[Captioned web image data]

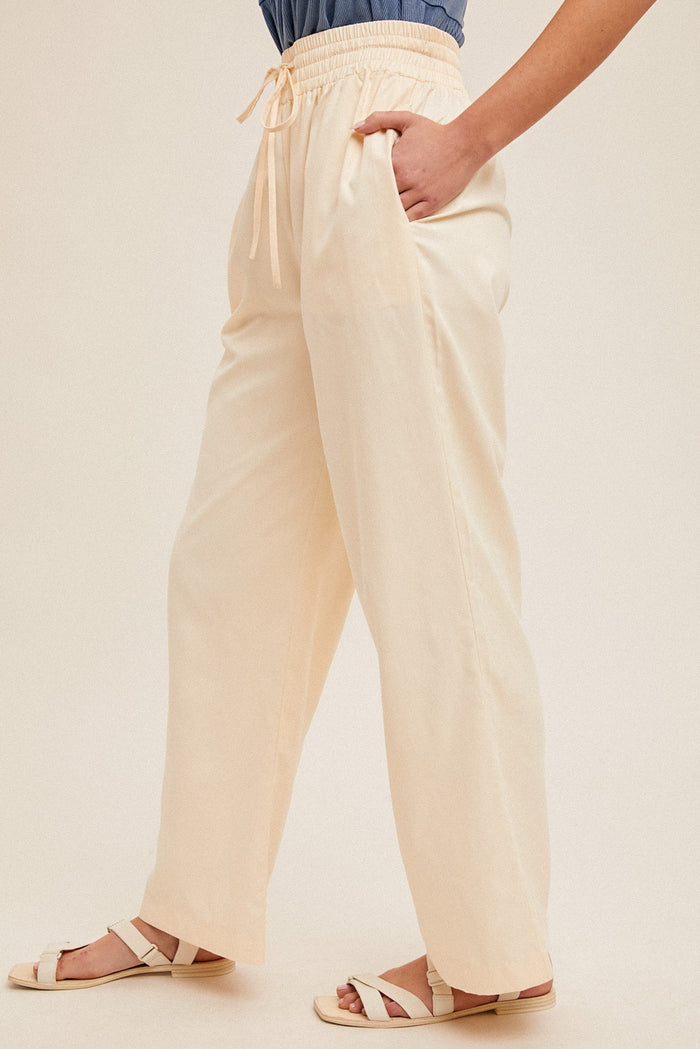 woman wearing cream wide-leg pants with elastic waistband and side pockets, paired with a denim top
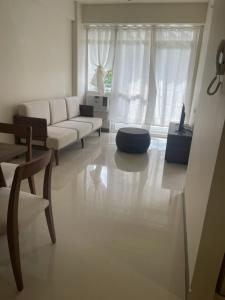 a living room with a white couch and a table at Ocean Garden Villas, Boracay New Coast in Boracay +6 photos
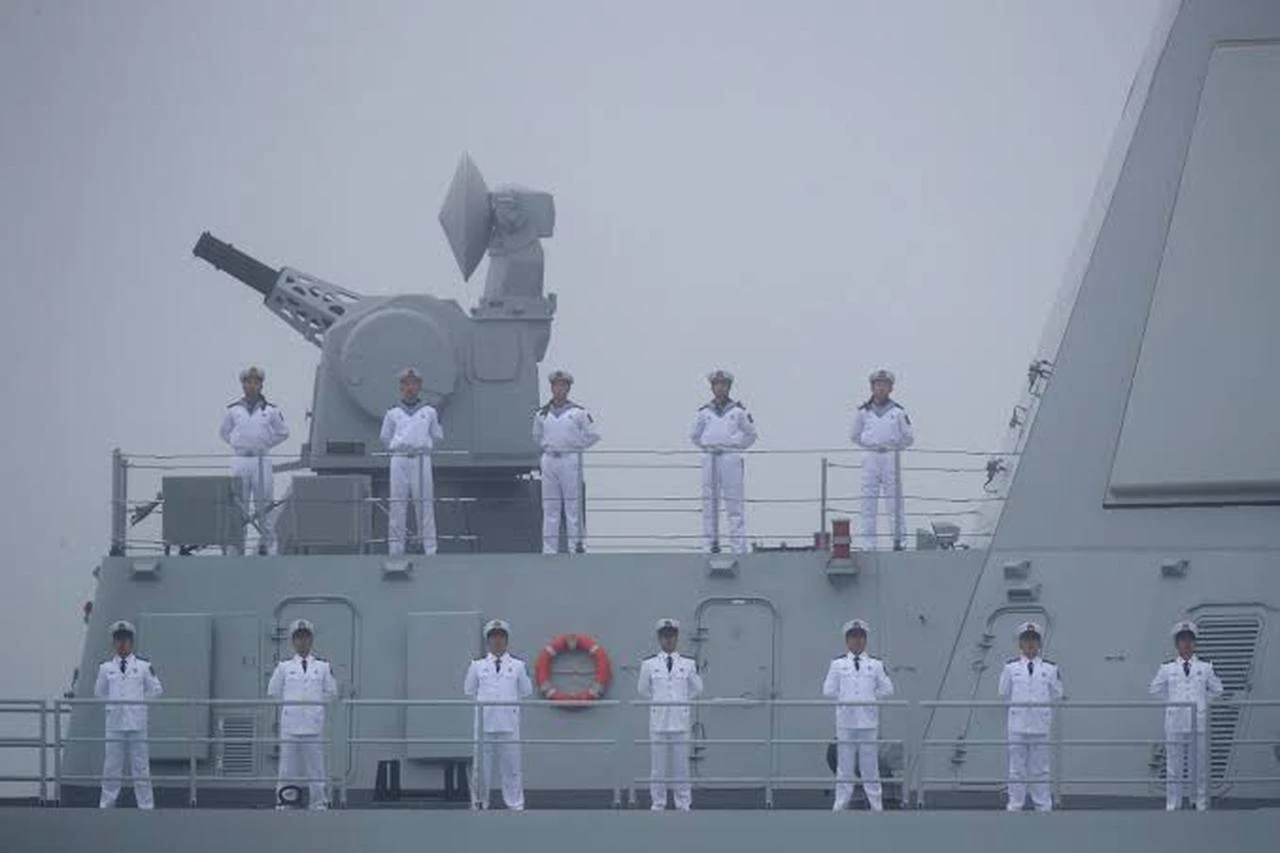 Sailors stand on the deck of the Type 055 guided-missile destroyer Nanchang as it participates in a parade on April 23, 2019. (AFP Photo)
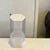 Rotating Hexagonal Acrylic Display Case featuring a 360-degree swivel and lockable design for collectibles.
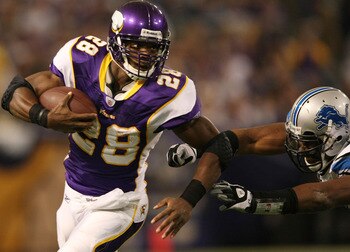 MINNEAPOLIS - NOVEMBER 15:  Adrian Peterson #28 of the Minnesota Vikings carries the ball as Julian Peterson #59 of the Detroit Lions defends on November 15, 2009 at Hubert H. Humphrey Metrodome in Minneapolis, Minnesota.  (Photo by Elsa/Getty Images)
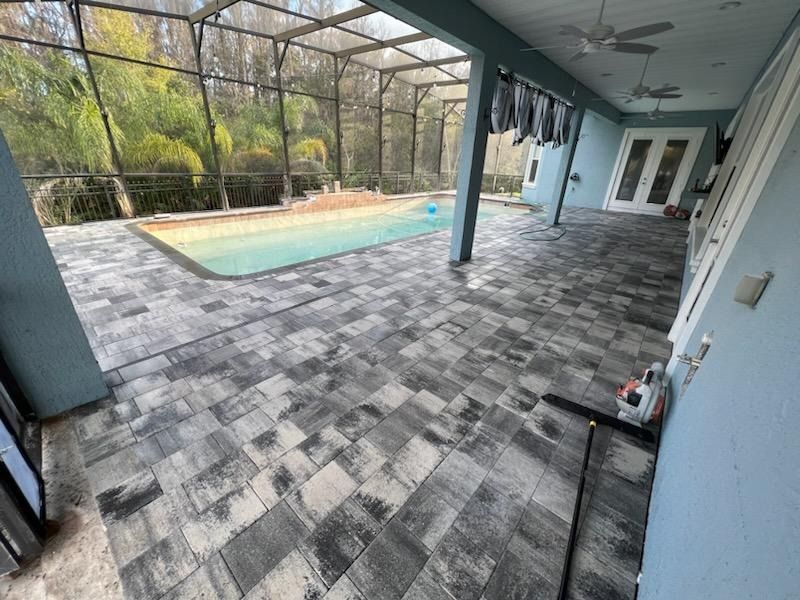 Screened patio with gray pavers, ceiling fan, and a pool view outside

- Required action
Beginning with the line that contains "a living room", repeat every remaining line of the data exactly, the last line included, and omit pictures.

- Answer space
 a living room with a white couch and a table at Ocean Garden Villas, Boracay New Coast in Boracay +6 photos
 Sailors stand on the deck of the Type 055 guided-missile destroyer Nanchang as it participates in a parade on April 23, 2019. (AFP Photo)
 Rotating Hexagonal Acrylic Display Case featuring a 360-degree swivel and lockable design for collectibles.
 MINNEAPOLIS - NOVEMBER 15:  Adrian Peterson #28 of the Minnesota Vikings carries the ball as Julian Peterson #59 of the Detroit Lions defends on November 15, 2009 at Hubert H. Humphrey Metrodome in Minneapolis, Minnesota.  (Photo by Elsa/Getty Images)
 Screened patio with gray pavers, ceiling fan, and a pool view outside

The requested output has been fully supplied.